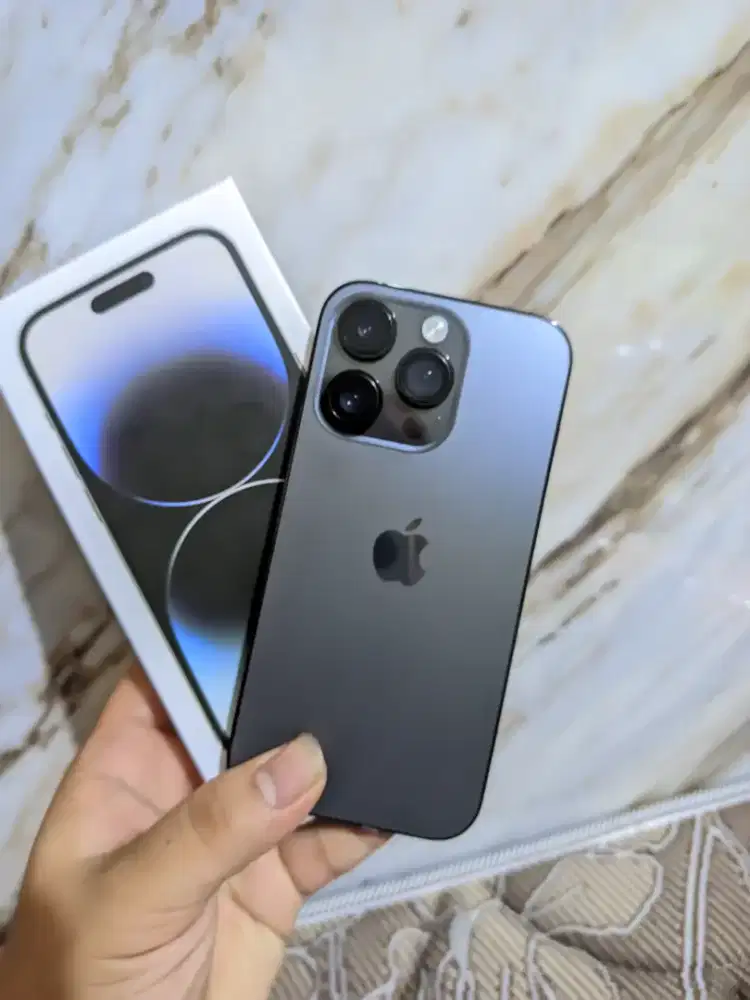iPhone 14 pro /128 baypas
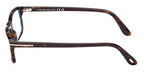 Tom Ford TF6119 B 052 Blue Control Glasses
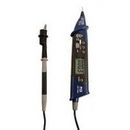 Multimetru digital PCE-PDM1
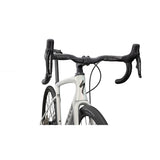 Roubaix SL8 Comp
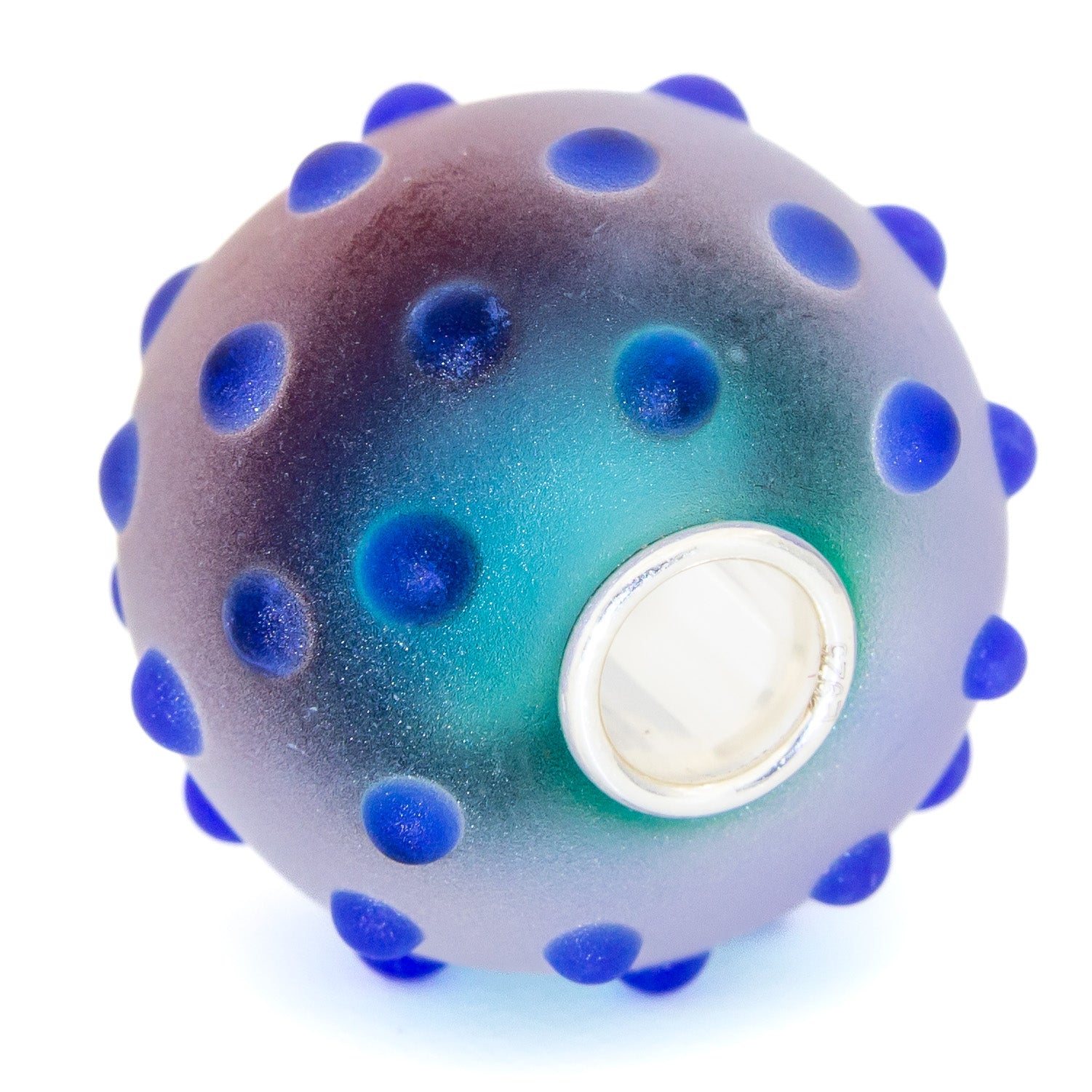 Ocean Ornament World Dewdrops Frost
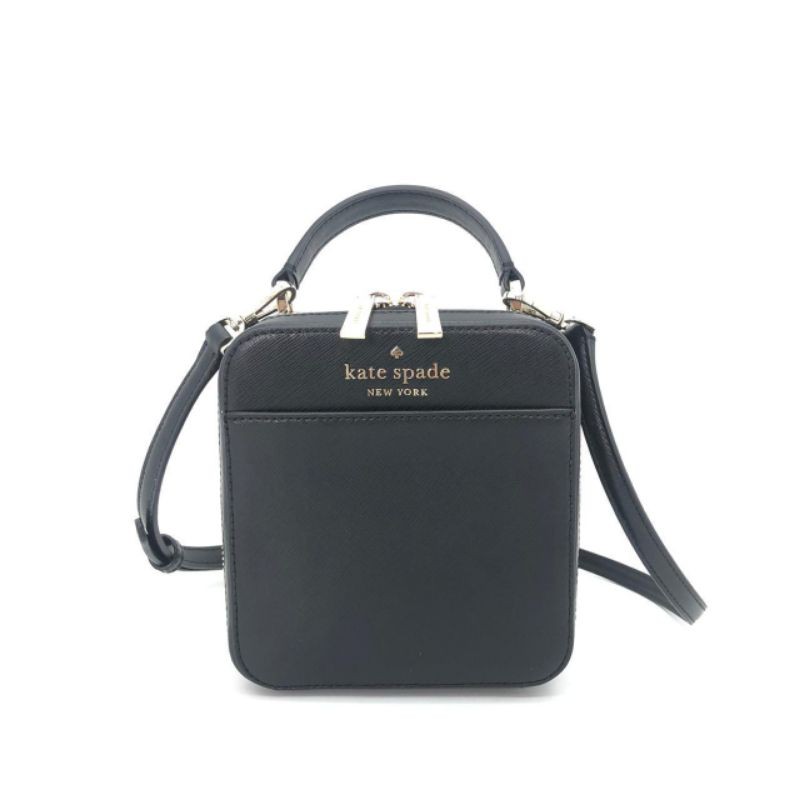 Tas Selempang Wanita Ks vanity crossbody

What is being asked: Word for word, set down each record shown above, omitting the pictures.

Output of the exercise:
iPhone 14 pro /128 baypas
 Tom Ford TF6119 B 052 Blue Control Glasses
 Multimetru digital PCE-PDM1
 Roubaix SL8 Comp
 Ocean Ornament World Dewdrops Frost
 Tas Selempang Wanita Ks vanity crossbody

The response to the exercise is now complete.